A sentence you’ll read when you Google “figs and wasps” is in a caption to a photo of a wasp and a fig: “A female fig wasp descends through the ostiole into the center of the fig plant’s syconium.” This is all clearly a private matter and none of our business but it is my responsibility to tell you that when you eat a fig, you’re also eating a wasp. Or at least wasp eggs. Maybe it’s wasp larva. The point is, I didn’t read much of the article; I’m a headlines kinda guy.
(By the way this article that I didn’t read, and you shouldn’t either, tries to bright-side dead wasps in figs and I want to say to this article, “You don’t have to work this hard on a losing battle. Rest.”)

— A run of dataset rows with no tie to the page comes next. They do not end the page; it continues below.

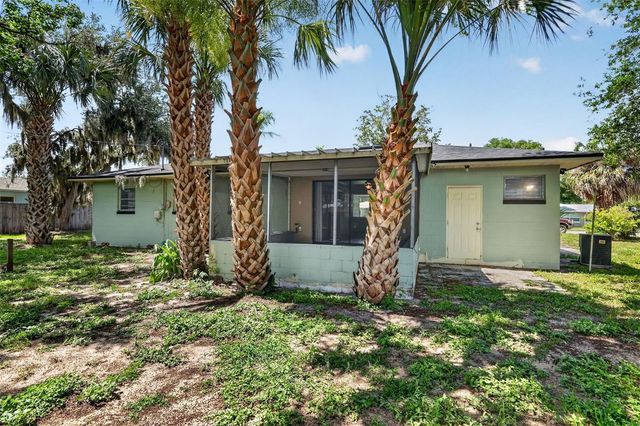 2760 WESTLAND ROAD, Mount Dora, FL 32757
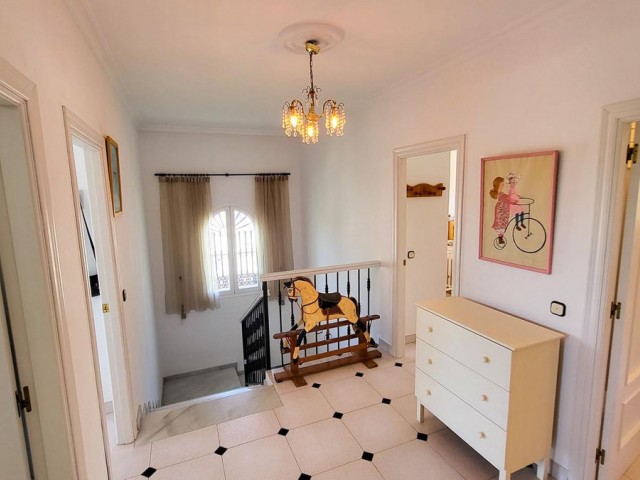 Villa con 4 Dormitorios  en Elviria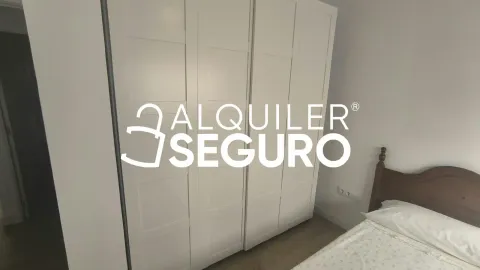 Flat 92 m² in Seville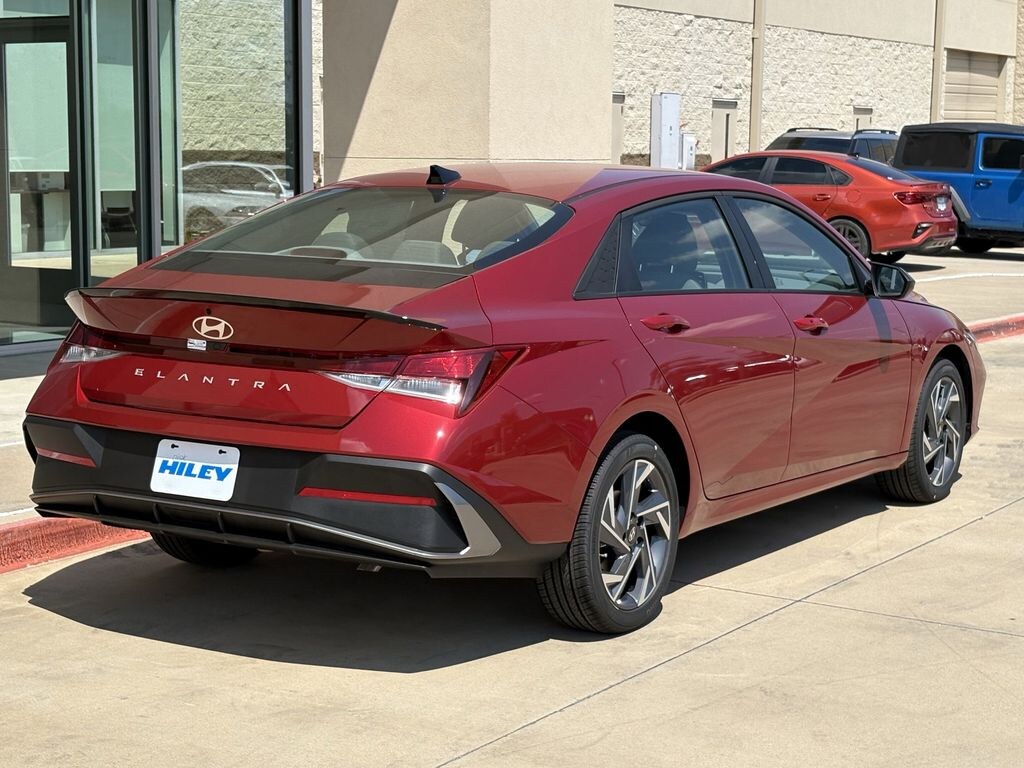 New 2025 Hyundai Elantra SEL Sport Sedan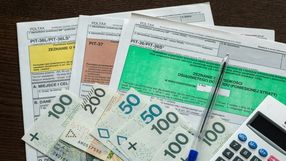 deklaracje PIT, kalkulator i pieniądze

(ALICE WALKER INTERLUDE: “for two who slipped away almost entirely”
for two who
slipped away
almost
entirely:
my “part” Cherokee
great-grandmother
Tallulah
(Grandmama Lula)
on my mother’s side
about whom
only one
agreed-upon
thing
is known:
her hair was so long
she could sit on it:
And my white (Anglo-Irish)
great-great-grandfather
on my father’s side
nameless
(Walker, perhaps?)
whose only remembered act
is that he raped
a child;
my great-great-grandmother,
who bore his son,
my great-grandfather,
when she was eleven.
Rest in peace.
The meaning of your lives
is still
unfolding.
Rest in peace.
In me
the meaning of your lives
is still
unfolding.
Rest in peace, in me.
The meaning of your lives
is still
unfolding.
Rest. In me
the meaning of your lives
is still
unfolding.
Rest. In peace
in me
the meaning of our lives
is still
unfolding.
Rest.)
Jesus curses a fig tree in the gospels of Mark (“May no one ever eat fruit from you again”) and Matthew (“May no fruit ever come from you again!”). In Luke, Jesus doesn’t curse a fig tree, but he tells a parable about a fig tree. And in the Infancy Gospel of Thomas (a Gnostic text about, well, just what it says), there’s no fig story, but a similar curse: “O evil, ungodly, and foolish one, what hurt did the pools and the waters do thee? behold, now also thou shalt be withered like a tree, and shalt not bear leaves, neither root, nor fruit.” (IGoT III.2)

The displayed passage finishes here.